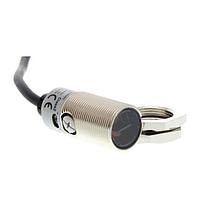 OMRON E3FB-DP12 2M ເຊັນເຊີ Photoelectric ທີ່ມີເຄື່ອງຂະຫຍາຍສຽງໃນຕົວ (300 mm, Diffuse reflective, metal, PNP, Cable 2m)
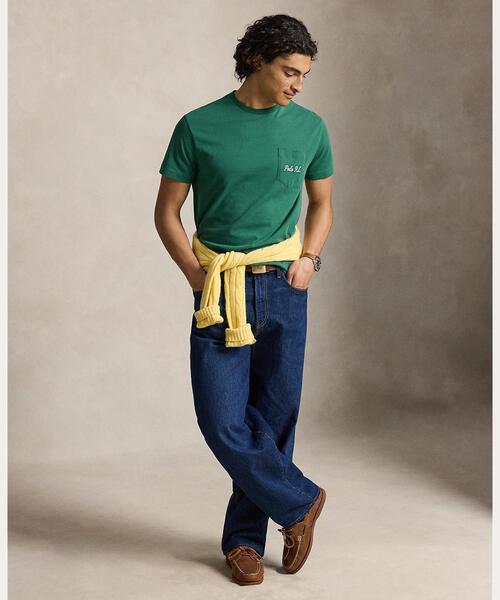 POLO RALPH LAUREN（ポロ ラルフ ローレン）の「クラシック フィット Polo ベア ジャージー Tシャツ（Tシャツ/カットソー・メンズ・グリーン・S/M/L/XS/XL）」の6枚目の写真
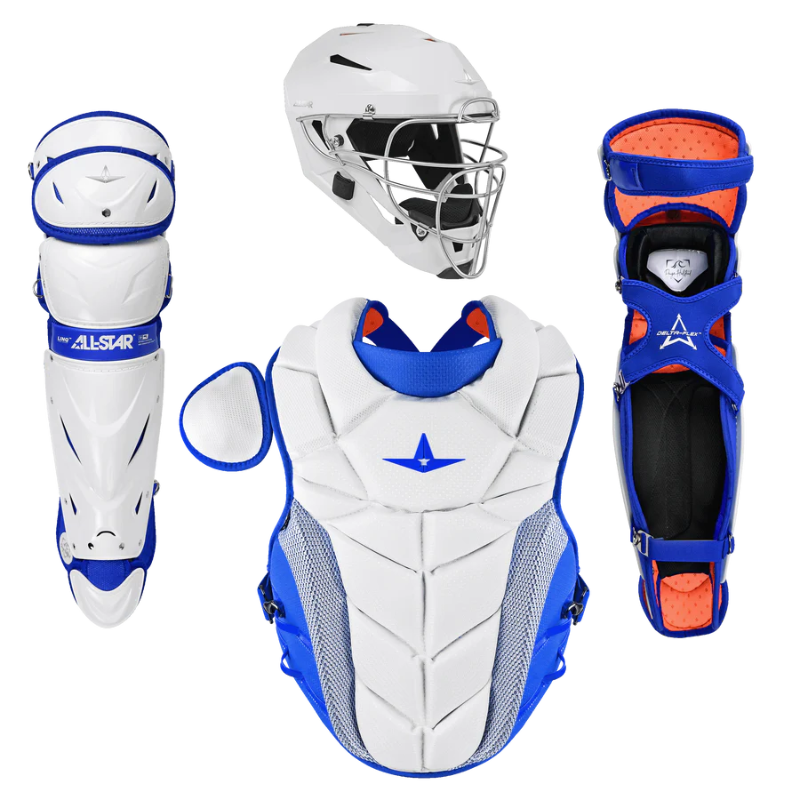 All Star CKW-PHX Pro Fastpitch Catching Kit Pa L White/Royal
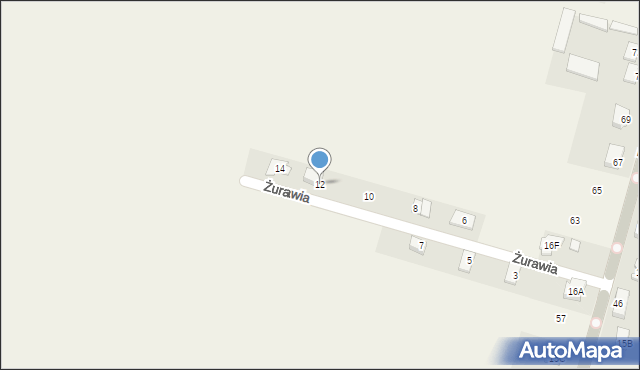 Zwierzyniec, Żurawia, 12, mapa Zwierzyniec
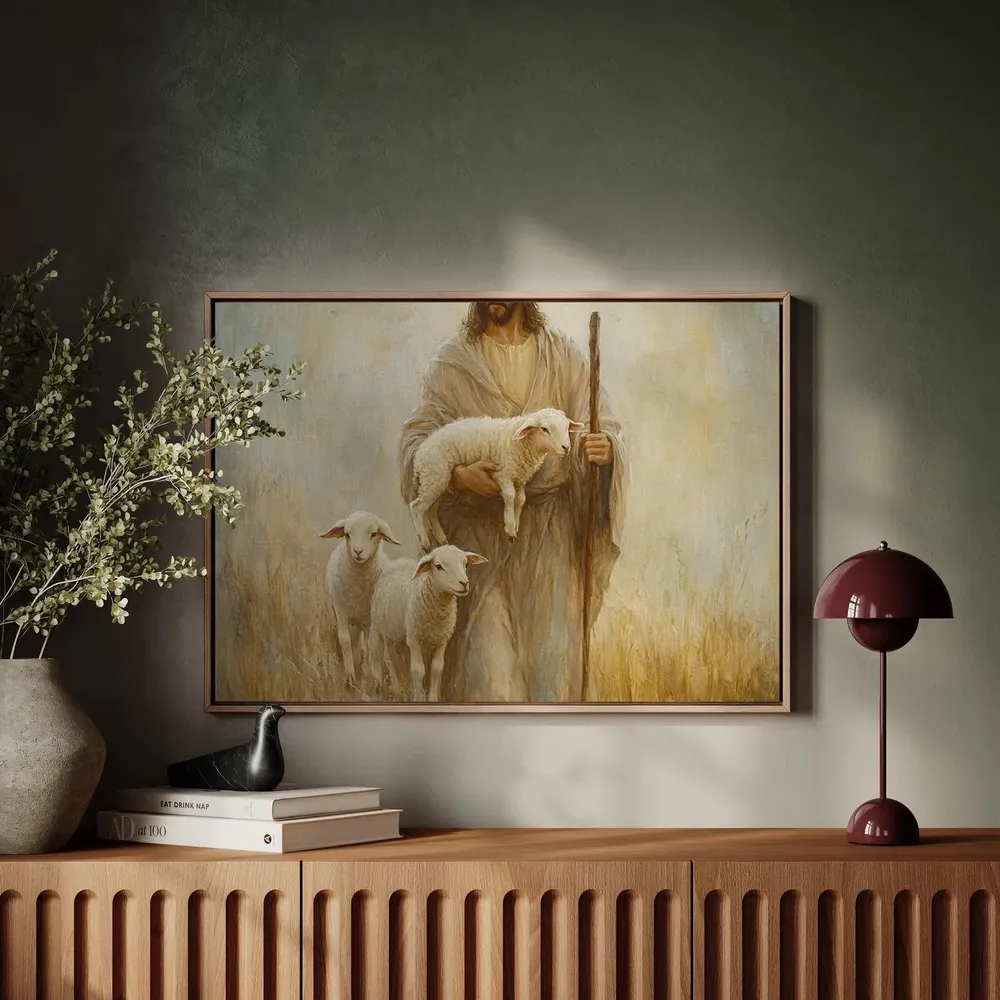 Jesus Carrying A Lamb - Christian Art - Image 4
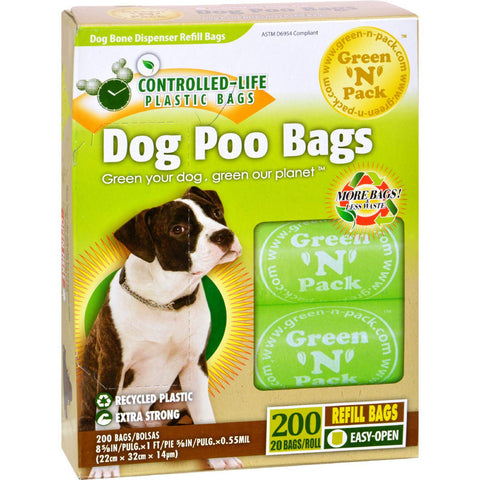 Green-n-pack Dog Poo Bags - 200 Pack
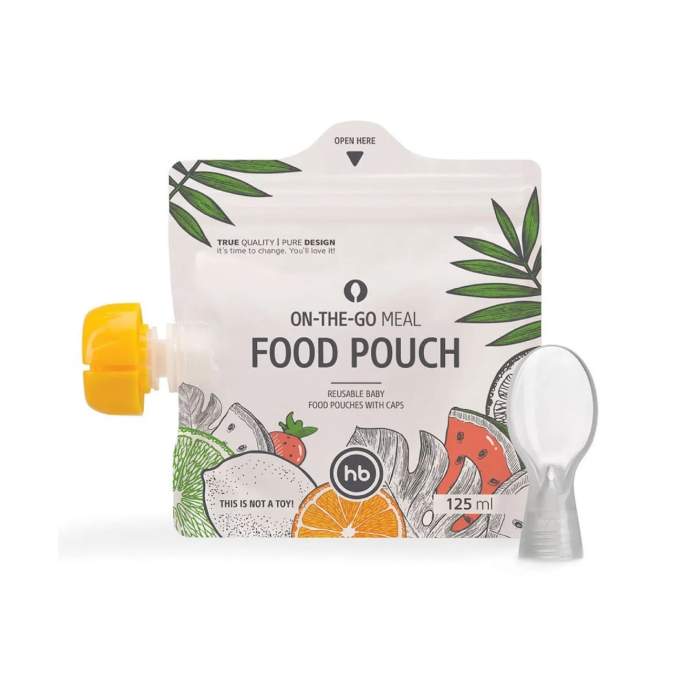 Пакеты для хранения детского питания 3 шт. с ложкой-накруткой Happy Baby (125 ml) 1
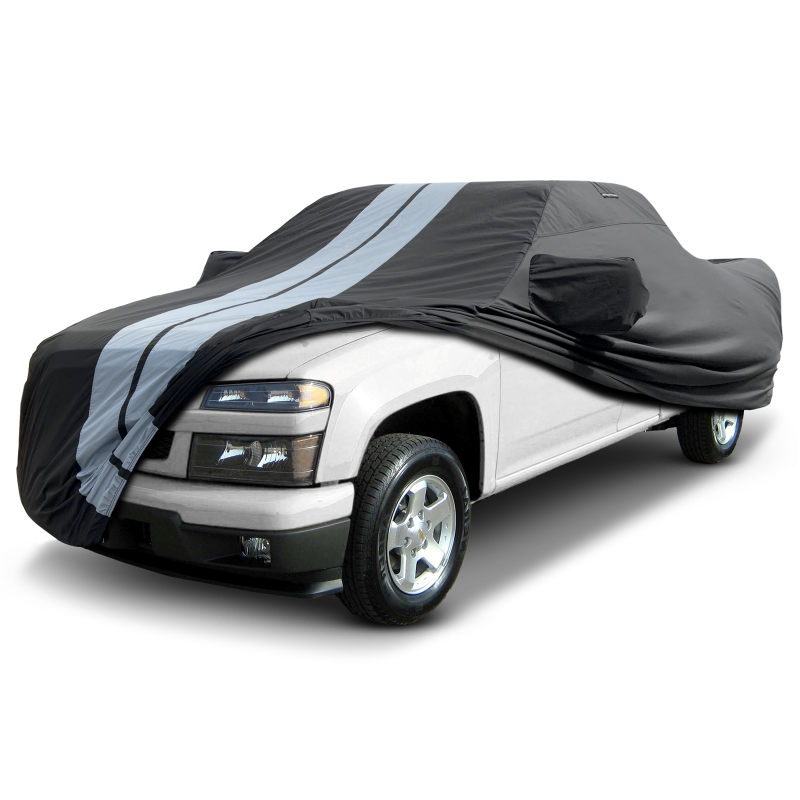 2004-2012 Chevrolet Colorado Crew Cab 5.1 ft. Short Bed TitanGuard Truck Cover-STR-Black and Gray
§
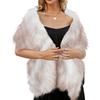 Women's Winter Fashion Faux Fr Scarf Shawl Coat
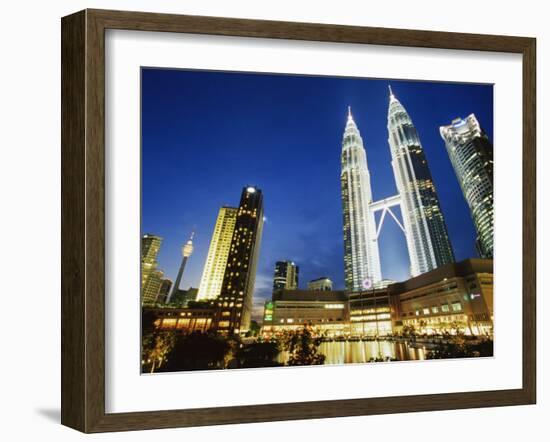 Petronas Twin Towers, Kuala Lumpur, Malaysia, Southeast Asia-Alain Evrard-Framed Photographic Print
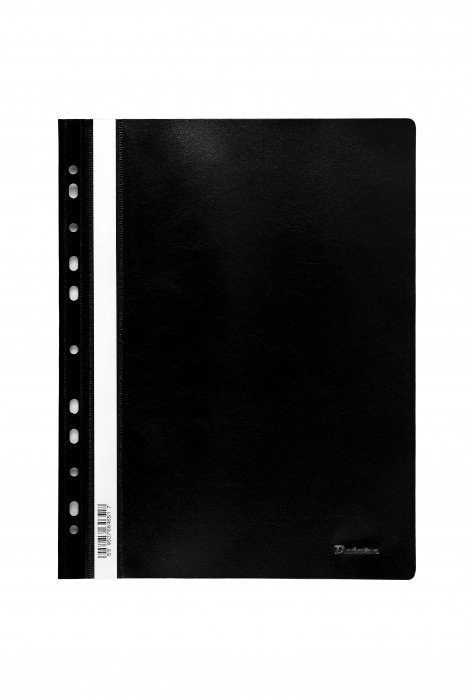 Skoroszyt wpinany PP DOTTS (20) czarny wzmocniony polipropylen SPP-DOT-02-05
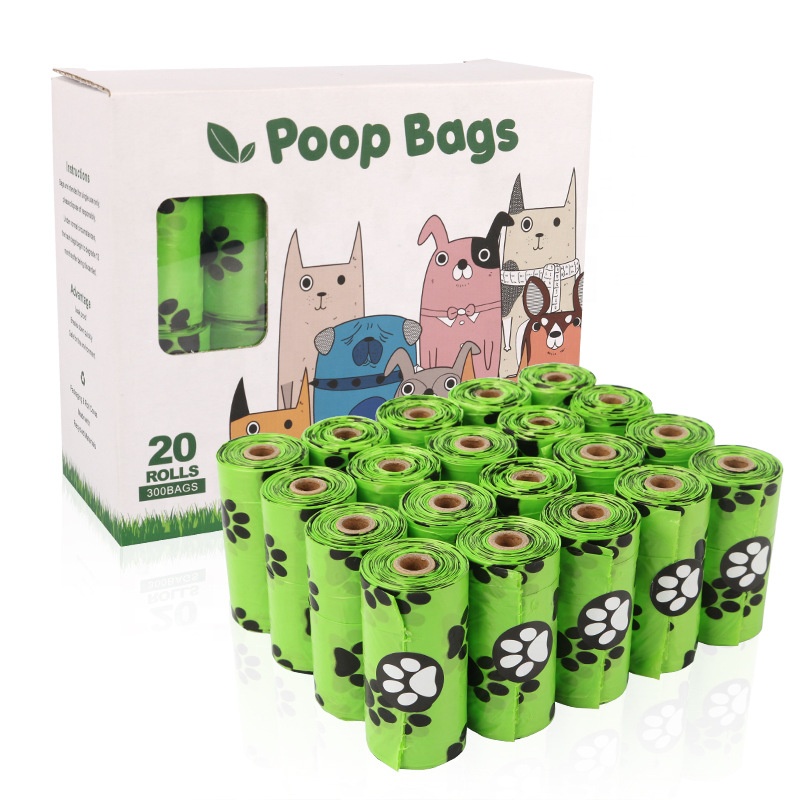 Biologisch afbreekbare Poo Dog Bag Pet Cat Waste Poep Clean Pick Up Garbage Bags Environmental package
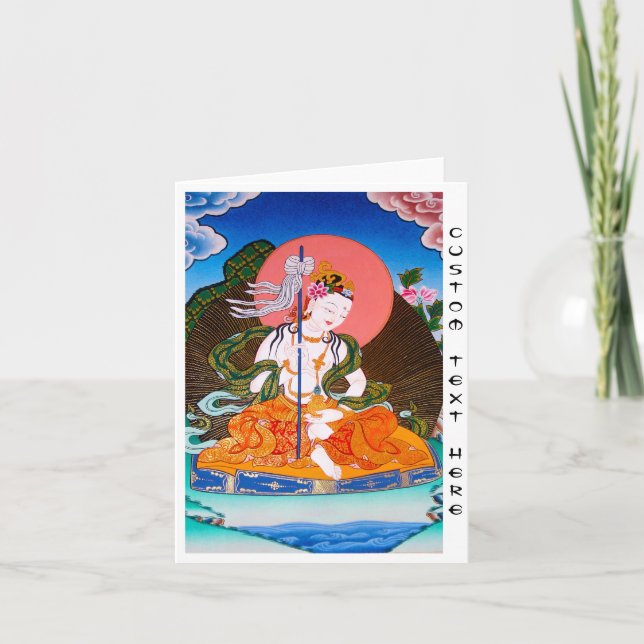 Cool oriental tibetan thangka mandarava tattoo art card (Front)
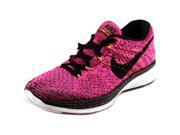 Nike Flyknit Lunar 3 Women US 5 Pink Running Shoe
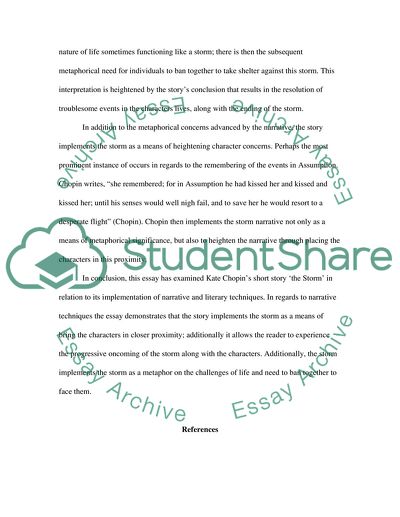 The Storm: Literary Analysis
§
**Description of the task**
Copy exactly the material above from the line with "POLO RALPH LAUREN（ポロ" to the line with "Пакеты для хранения", ends included, and nothing else. Leave out any picture.

**The answer**
 POLO RALPH LAUREN（ポロ ラルフ ローレン）の「クラシック フィット Polo ベア ジャージー Tシャツ（Tシャツ/カットソー・メンズ・グリーン・S/M/L/XS/XL）」の6枚目の写真
 All Star CKW-PHX Pro Fastpitch Catching Kit Pa L White/Royal
 Zwierzyniec, Żurawia, 12, mapa Zwierzyniec
 Jesus Carrying A Lamb - Christian Art - Image 4
 Green-n-pack Dog Poo Bags - 200 Pack
 Пакеты для хранения детского питания 3 шт. с ложкой-накруткой Happy Baby (125 ml) 1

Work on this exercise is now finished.